Aidan di ruang kerjanya tidak bisa bekerja. Pikirannya dipenuhi kegelisahan.
"Kenapa Mama harus datang sekarang? Kenapa Nita harus menyebut tanggung jawab?."
Ia takut Mama dan Sela akan melihat obat-obatan yang ditinggalkan Sherly dan menyadari bahwa sakit ini jauh lebih parah daripada demam biasa. Ia takut Mama akan menelepon Sherly dan menanyakan diagnosis sebenarnya.
Rasa takut itu membuat Aidan tidak nyaman. Ia harus memastikan aktingnya sebagai suami yang baik tetap konsisten, tetapi ia tidak ingin menunjukkan kelembutan lagi.
Aidan bangkit, membuat alasan untuk masuk kamar lagi. Ia masuk, wajahnya kembali kaku dan profesional.
"Ma, Sela," kata Aidan, suaranya dikontrol ketat. "Aku akan menyiapkan makanan untuk kalian. Dan Nita, aku sudah menghubungi Maya. Sementara Maya yang akan mengurus semua keperluan di toko. Fokusmu adalah tidur."
Perkataan Aidan terdengar seperti perhatian, tetapi bagi Anita dan Sela, itu terdengar seperti perintah. Perintah untuk tetap diam, dan perintah untuk tidak mengkhawatirkan utang yang ia sebut 'hadiah'.
Mama tersenyum lega. "Lihat, Nita? Aidan peduli. Dia hanya tidak tahu cara menunjukkannya."
Aidan tersenyum kaku pada Mama, merasa jijik pada dirinya sendiri karena harus berakting. Ia menghabiskan satu menit di dalam kamar, memastikan Anita tidak bicara aneh-aneh, lalu kembali ke mejanya, meninggalkan pintu kamar sedikit terbuka agar ia tetap bisa mendengar.
Sepanjang sore itu, Mama dan Sela bergantian menjaga Anita. Mereka berbicara tentang kenangan masa kecil Aidan dan Doni, dan tentang kebaikan Anita yang selalu membantu mereka.
"Kamu tahu, Nita," kata Mama, sambil memijat pelan kaki Anita. "Mama tahu kamu kuat. Mama tahu kamu masih terpukul karena orang tuamu. Mama akan bicara pada Aidan. Jangan khawatir soal toko."

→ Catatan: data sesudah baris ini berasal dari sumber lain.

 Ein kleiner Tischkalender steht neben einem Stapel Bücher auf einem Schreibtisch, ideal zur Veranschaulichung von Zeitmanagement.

Meskipun Mama hanya mengaitkan semua penderitaan Anita pada "grief" (duka), perhatian itu tetaplah tulus. Anita memejamkan mata, membiarkan kehangatan Mama menenangkan rasa sakitnya. Untuk pertama kalinya, ia merasa memiliki tempat berlindung yang nyata.

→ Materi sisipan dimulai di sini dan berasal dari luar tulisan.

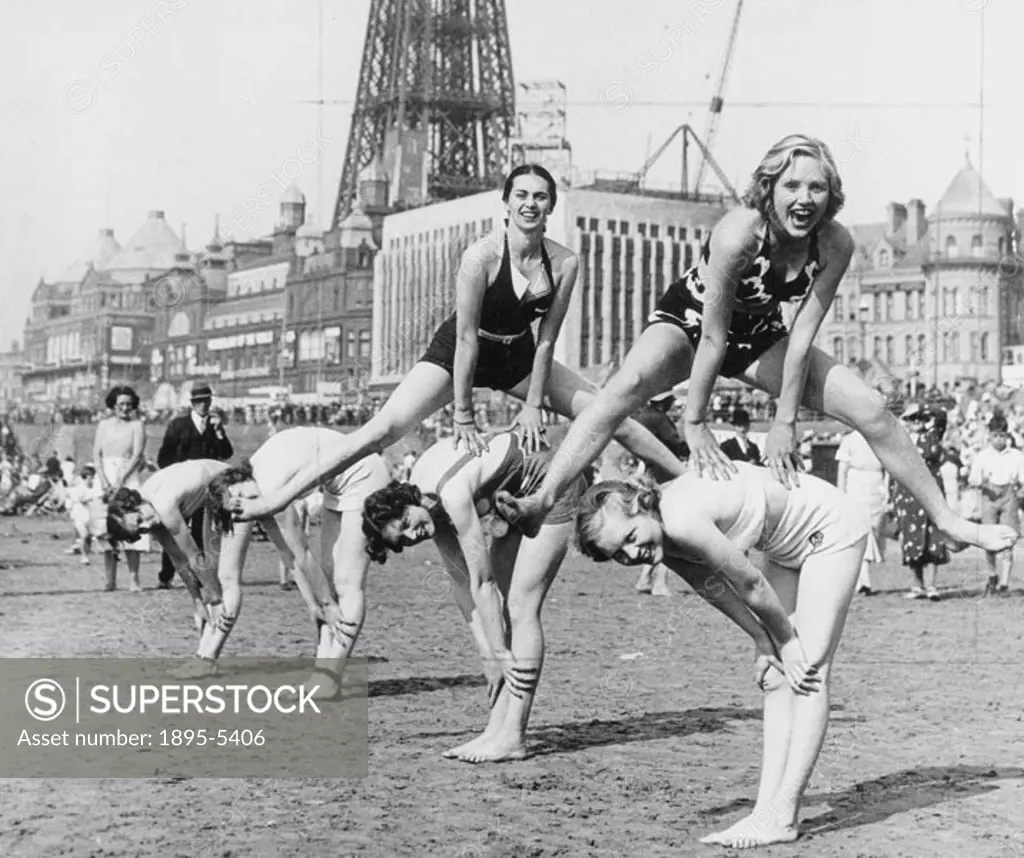 Young women playing leapfrog on the beach at Blackpool in Lancashire, 14 August 1943. Photograph by Saidman.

Saat senja tiba, Mama dan Sela bersiap untuk pergi setelah Mama menjanjikan akan datang lagi besok.
"Jaga Kak Nita baik-baik, Kak Aidan," perintah Sela dengan nada serius saat melewati ruang kerja Aidan.
Aidan hanya mengangguk, tetapi ia tahu ancaman itu nyata. Ia tidak hanya takut pada Mama, tetapi ia juga kini takut pada tatapan tajam adiknya sendiri.
Aidan berhasil mempertahankan rahasianya, tetapi ia kehilangan kendali total atas rumah dan istrinya. Dan yang lebih mengganggunya, ia tidak bisa menghentikan perasaan lega yang ia rasakan saat tahu Anita dirawat oleh tangan yang benar-benar peduli.